Instructions to follow
In the entries below, begin at the line with "Ива Давидова възпя безводието в Перник" and stop after the line with "Ginger Capsules"; output those lines exactly and omit the pictures.
-- Data shown follows --
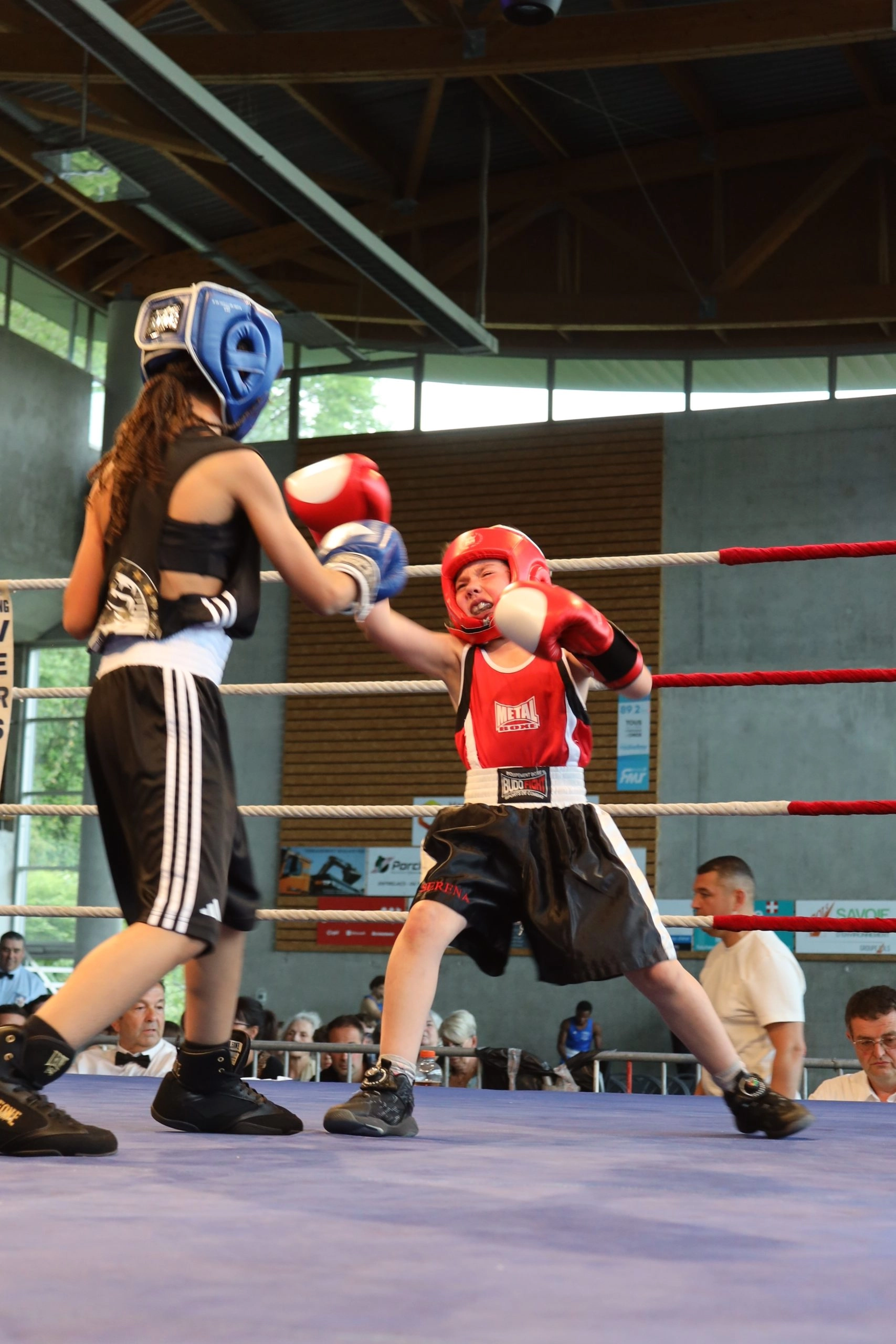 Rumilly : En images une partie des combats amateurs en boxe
-- Data shown concluded --
-- Data shown follows --
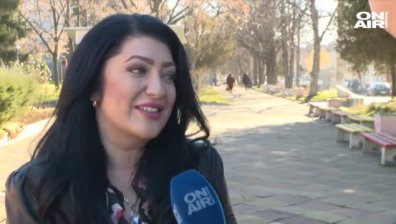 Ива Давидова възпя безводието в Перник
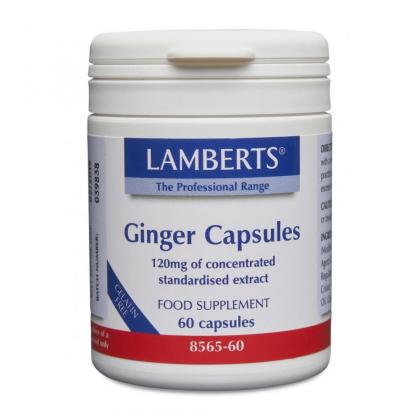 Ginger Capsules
-- Data shown concluded --
Answer for this exercise
 Ива Давидова възпя безводието в Перник
 Ginger Capsules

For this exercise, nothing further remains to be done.